__EXERCISE DIRECTIONS__. Within the material below, transcribe exactly the lines from the one holding "Samolepka Výstraha /" through the one holding "Rode Doxie Chef Theedoek (Horizontaal)", keeping both ends and skipping the rest.

__RECORDS PROVIDED__.

________________

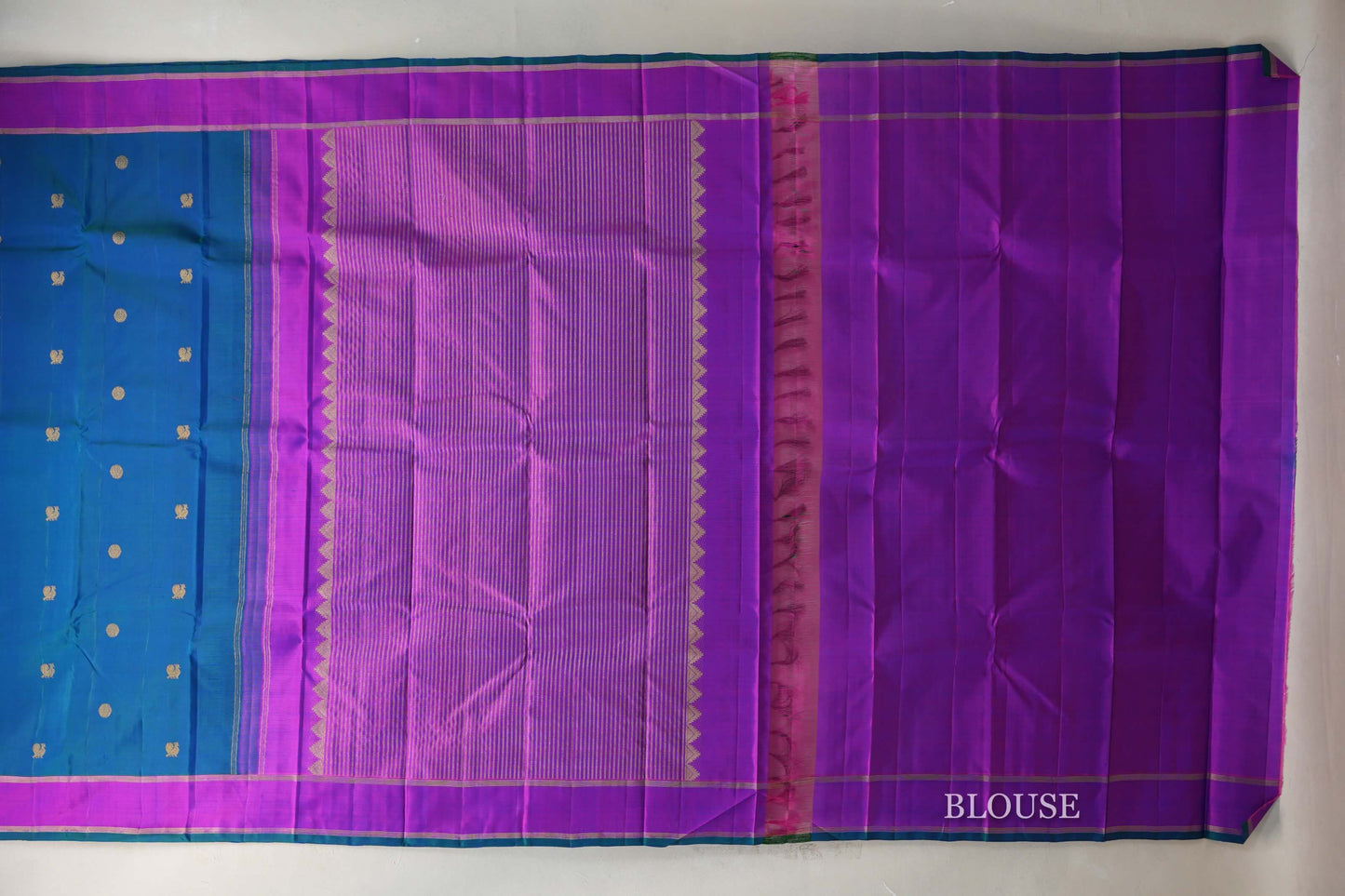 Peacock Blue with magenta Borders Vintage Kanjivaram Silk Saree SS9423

________________

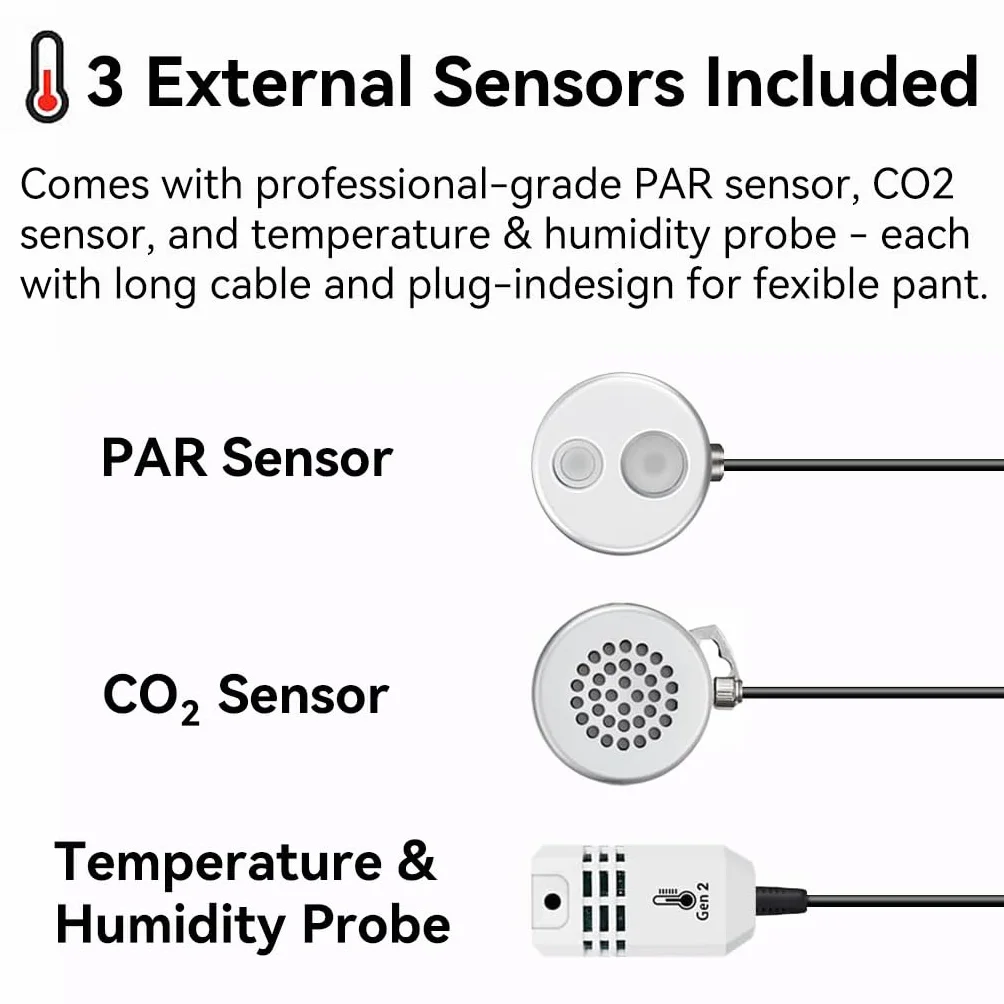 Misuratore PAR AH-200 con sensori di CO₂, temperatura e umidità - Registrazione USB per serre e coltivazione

________________

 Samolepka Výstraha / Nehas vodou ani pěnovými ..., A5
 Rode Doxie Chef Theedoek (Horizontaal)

________________

__YOUR RESPONSE__.
 Samolepka Výstraha / Nehas vodou ani pěnovými ..., A5
 Rode Doxie Chef Theedoek (Horizontaal)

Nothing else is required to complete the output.